• Provided material
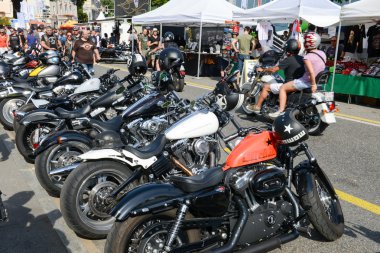 Lugano, İsviçre Harley gün geçit Switz üzerinde Bykers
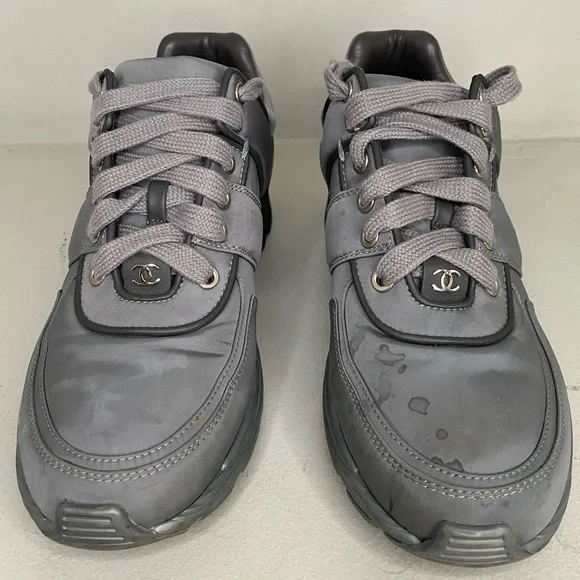 CHANEL Sneakers Size 7 - Picture 2 of 11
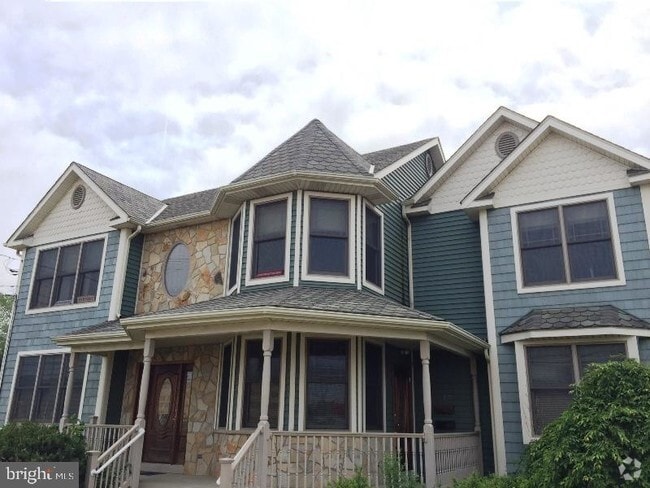 Building Photo - 507 N Main St Rental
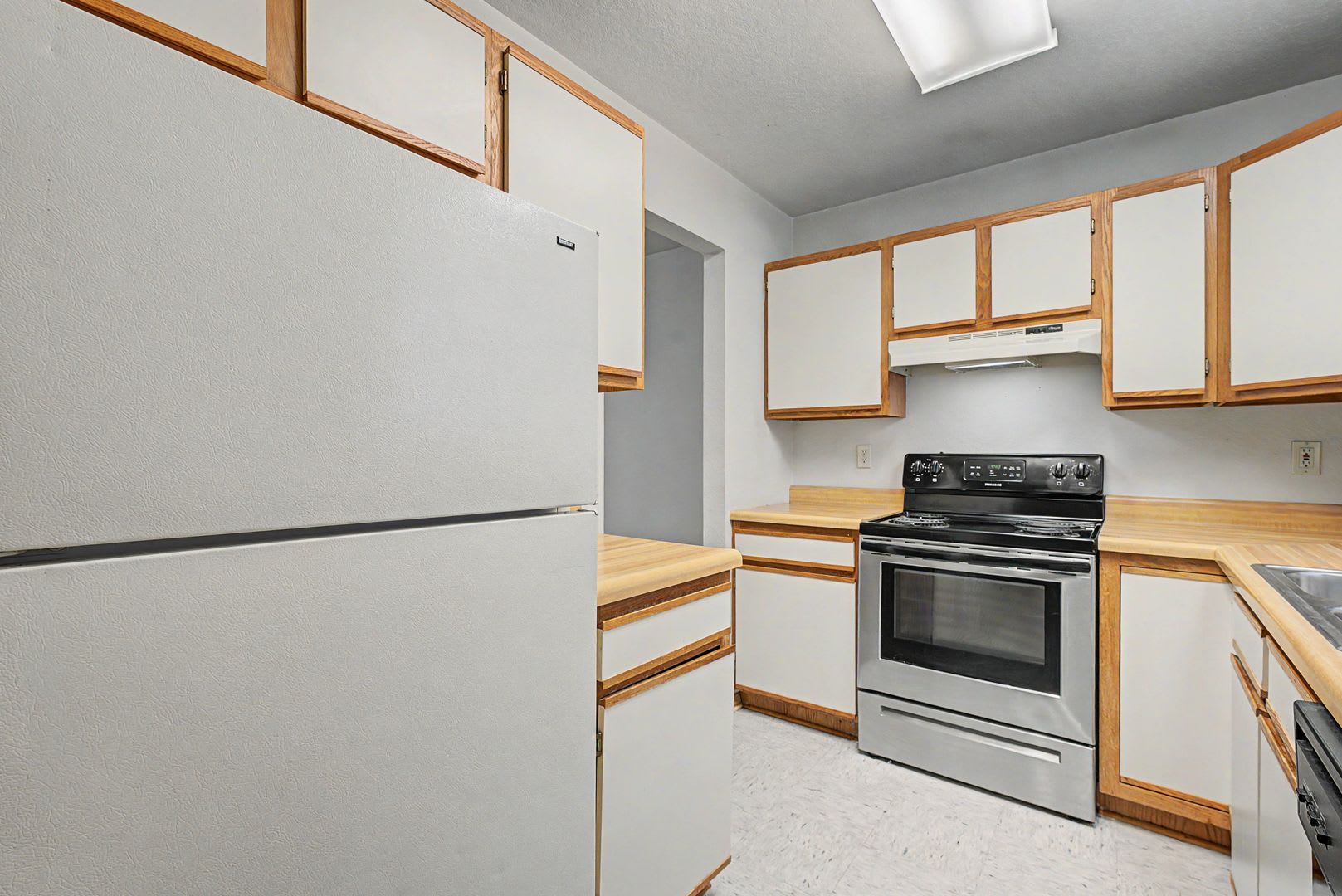 1 2 Off First Months Rent Cozy 2 Bedroom 1 Bathroom Townhouse With Washer Dryer In A Quiet Relaxing Setting – photo 2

• Task details
When you restate the listing, keep every word as it is and drop the pictures.

• Response area
 Lugano, İsviçre Harley gün geçit Switz üzerinde Bykers
 CHANEL Sneakers Size 7 - Picture 2 of 11
 Building Photo - 507 N Main St Rental
 1 2 Off First Months Rent Cozy 2 Bedroom 1 Bathroom Townhouse With Washer Dryer In A Quiet Relaxing Setting – photo 2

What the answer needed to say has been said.